O custo de crédito também foi revisado para cima: estimado agora entre R$ 65 bilhões e R$ 70 bilhões para 2026, após somar R$ 18,9 bilhões só no primeiro trimestre, alta de 85,8% em um ano.
A presidente-executiva Tarciana Medeiros apontou o agronegócio como principal vetor do estresse, em um cenário mais desafiador para o crédito do banco estatal.
Agronegócio como epicentro do estresse de crédito
A carteira de crédito rural do BB somou R$ 418,4 bilhões ao fim de março, crescimento de 3% na base anual e no trimestre. Mas a inadimplência acima de 90 dias disparou: passou de 2,76% para 6,22% em um ano. Na linha de custeio agrícola, o índice chegou a 10,56%, revelando o nível de tensão na carteira que mais pesa sobre o resultado do banco.
Para enfrentar a deterioração, o BB acelerou o processo de recuperação judicial. “Nos primeiros meses de 2026, já dobramos o número de judicializações realizadas durante todo o ano passado”, afirmou Tarciana Medeiros, classificando a medida como estratégia ativa de recuperação de ativos.
No segmento de pessoas físicas, o banco apresentou desempenho mais equilibrado. A carteira expandida atingiu R$ 361,8 bilhões, alta de 7,7% em 12 meses, sustentada pelo crédito consignado e pelas operações do “Crédito ao Trabalhador”. A inadimplência da pessoa física, porém, avançou para 6,82%, ante 5,10% um ano antes.
Margem financeira cresce, mas provisões pesam
A margem financeira bruta chegou a R$ 27,4 bilhões no trimestre, alta de 14,8% anual. Para 2026, o BB elevou a projeção de expansão da margem bruta para 7% a 11%, ante 4% a 8% anteriormente. Ainda assim, o retorno sobre o patrimônio líquido (ROE) caiu de 16,7% para 7,3% em um ano — reflexo direto das provisões elevadas para cobrir a inadimplência no agro.
A carteira de crédito expandida da pessoa jurídica recuou 2,4% em 12 meses, para R$ 449 bilhões, pressionada pelas micro, pequenas e médias empresas, com contração de 10% no período. O índice de inadimplência acima de 90 dias no segmento encerrou março em 2,87%, queda ante os 3,71% de um ano antes.

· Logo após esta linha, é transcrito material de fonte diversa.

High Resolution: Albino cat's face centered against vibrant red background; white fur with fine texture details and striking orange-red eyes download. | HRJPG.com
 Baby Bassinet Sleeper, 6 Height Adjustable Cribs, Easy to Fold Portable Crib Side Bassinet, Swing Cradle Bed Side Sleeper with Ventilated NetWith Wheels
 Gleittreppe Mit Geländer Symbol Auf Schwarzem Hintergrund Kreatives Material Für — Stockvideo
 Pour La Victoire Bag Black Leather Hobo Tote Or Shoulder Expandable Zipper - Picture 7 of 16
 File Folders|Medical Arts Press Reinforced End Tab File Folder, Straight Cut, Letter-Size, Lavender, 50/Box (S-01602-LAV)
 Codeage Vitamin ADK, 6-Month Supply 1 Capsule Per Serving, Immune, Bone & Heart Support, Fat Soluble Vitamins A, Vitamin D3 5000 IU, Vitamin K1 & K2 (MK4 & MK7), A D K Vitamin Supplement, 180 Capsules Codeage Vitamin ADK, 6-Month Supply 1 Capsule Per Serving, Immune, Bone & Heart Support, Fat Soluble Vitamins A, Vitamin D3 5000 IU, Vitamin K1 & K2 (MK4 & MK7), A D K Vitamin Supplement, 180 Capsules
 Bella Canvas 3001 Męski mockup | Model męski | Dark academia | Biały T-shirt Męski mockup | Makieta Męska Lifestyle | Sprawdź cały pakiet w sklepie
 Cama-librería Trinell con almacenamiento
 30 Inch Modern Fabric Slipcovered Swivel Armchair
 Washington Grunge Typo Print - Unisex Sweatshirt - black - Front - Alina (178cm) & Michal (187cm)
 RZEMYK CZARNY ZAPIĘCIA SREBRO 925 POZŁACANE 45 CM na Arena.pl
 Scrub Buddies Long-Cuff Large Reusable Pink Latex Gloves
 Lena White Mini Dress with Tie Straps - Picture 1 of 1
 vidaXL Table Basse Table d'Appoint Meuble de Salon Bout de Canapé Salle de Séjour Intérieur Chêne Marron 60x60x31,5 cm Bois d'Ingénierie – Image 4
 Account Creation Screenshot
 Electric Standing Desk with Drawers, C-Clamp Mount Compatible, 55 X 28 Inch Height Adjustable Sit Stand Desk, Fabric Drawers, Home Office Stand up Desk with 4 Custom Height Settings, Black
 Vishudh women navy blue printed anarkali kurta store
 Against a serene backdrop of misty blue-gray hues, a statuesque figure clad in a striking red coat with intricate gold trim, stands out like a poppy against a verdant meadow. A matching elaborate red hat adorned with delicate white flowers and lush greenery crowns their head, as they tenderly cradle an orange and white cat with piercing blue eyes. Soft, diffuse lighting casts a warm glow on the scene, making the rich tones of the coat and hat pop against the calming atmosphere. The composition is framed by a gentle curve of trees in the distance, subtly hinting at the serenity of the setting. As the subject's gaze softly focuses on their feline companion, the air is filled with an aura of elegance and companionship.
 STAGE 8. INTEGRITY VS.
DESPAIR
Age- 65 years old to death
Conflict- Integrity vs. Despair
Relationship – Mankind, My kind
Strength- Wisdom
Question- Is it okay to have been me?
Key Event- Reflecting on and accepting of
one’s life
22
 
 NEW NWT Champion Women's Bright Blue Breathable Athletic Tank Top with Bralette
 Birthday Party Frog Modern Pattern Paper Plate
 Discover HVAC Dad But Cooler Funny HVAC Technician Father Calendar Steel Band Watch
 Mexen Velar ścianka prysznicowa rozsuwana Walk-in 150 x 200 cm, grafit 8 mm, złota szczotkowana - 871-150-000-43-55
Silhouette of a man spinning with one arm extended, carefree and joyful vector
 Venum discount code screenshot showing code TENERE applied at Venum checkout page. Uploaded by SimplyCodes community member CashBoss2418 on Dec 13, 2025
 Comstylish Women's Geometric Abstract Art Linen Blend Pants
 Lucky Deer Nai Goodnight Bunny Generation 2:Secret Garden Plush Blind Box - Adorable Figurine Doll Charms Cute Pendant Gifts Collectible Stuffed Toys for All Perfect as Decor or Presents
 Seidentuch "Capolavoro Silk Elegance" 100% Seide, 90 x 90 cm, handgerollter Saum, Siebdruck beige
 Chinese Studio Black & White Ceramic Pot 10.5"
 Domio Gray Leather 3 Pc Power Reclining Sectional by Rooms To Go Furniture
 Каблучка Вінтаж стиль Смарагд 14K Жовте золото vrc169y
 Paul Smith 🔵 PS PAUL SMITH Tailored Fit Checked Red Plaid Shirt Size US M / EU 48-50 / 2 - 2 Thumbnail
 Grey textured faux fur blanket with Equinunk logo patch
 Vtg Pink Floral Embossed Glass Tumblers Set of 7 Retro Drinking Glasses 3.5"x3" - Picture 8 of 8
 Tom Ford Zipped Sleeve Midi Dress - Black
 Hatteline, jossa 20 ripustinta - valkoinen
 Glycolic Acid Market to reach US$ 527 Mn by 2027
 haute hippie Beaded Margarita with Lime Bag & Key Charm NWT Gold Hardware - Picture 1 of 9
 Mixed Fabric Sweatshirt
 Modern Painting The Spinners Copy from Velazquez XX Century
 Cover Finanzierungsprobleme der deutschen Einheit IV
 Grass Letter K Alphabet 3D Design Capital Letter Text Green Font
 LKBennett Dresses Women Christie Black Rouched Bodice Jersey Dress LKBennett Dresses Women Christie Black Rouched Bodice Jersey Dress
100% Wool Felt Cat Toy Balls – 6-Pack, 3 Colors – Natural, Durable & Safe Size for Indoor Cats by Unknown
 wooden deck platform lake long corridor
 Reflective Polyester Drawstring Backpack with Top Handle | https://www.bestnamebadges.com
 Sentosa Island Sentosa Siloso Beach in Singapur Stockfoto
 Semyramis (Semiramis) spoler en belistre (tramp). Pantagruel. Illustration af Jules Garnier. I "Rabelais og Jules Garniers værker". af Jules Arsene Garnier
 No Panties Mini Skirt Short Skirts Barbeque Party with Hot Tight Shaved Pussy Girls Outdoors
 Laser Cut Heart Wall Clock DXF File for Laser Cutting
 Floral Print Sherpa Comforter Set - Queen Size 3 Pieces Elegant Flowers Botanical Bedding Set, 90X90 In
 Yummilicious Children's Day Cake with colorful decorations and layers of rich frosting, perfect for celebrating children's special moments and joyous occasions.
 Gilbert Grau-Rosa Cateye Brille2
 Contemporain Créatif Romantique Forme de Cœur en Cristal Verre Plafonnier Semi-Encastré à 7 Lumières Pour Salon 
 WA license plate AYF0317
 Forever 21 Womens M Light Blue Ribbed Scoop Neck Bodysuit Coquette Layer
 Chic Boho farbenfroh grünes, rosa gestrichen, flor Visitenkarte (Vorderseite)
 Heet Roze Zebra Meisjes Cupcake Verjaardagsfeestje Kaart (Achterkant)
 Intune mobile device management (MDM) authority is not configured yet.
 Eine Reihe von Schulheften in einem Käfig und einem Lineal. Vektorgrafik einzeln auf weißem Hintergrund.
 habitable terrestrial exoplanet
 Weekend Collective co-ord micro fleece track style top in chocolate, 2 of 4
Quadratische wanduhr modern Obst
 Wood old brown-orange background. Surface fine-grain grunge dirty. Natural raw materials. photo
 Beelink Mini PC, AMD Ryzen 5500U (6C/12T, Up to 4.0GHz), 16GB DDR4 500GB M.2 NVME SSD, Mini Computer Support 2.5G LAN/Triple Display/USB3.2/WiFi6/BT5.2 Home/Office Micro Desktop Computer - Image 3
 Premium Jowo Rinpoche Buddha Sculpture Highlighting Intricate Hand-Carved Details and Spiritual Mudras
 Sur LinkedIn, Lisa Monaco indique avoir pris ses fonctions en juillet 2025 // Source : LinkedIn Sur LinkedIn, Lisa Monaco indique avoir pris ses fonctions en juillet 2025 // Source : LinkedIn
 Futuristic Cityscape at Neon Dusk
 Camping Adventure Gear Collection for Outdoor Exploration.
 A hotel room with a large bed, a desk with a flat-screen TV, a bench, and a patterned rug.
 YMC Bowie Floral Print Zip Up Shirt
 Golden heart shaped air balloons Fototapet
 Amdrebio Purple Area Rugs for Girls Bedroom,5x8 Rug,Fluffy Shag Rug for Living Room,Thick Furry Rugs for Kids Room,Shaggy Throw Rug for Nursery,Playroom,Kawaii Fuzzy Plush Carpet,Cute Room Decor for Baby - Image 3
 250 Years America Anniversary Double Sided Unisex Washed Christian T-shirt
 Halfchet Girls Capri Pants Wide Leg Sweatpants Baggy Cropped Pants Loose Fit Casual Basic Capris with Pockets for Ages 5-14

BB na contramão dos grandes bancos privados
O resultado contrasta com o desempenho dos concorrentes privados. O Itaú registrou alta de 10,4% no lucro do primeiro trimestre, chegando a R$ 12,3 bilhões — distância que evidencia o peso desproporcionalmente maior da carteira de agronegócio sobre o banco público, ausente na composição dos grandes privados.
O Bradesco, mesmo com pressão do crédito rural de safras antigas nas provisões, cresceu 16,1% no lucro, para R$ 6,8 bilhões. A comparação expõe a vulnerabilidade estrutural do BB em ciclos de estresse do agro, setor no qual o banco detém protagonismo como principal financiador do campo no país.
Apesar da piora nos resultados, o BB aprovou a distribuição de R$ 465,7 milhões em Juros sobre Capital Próprio (JCP) referentes ao primeiro trimestre, com pagamento previsto para 11 de junho, com base na posição acionária de 1º de junho.
Ao final de março, o banco totalizava R$ 2,6 trilhões em ativos e operava 3.942 agências — número gradualmente menor do que as 3.997 registradas no mesmo período do ano anterior.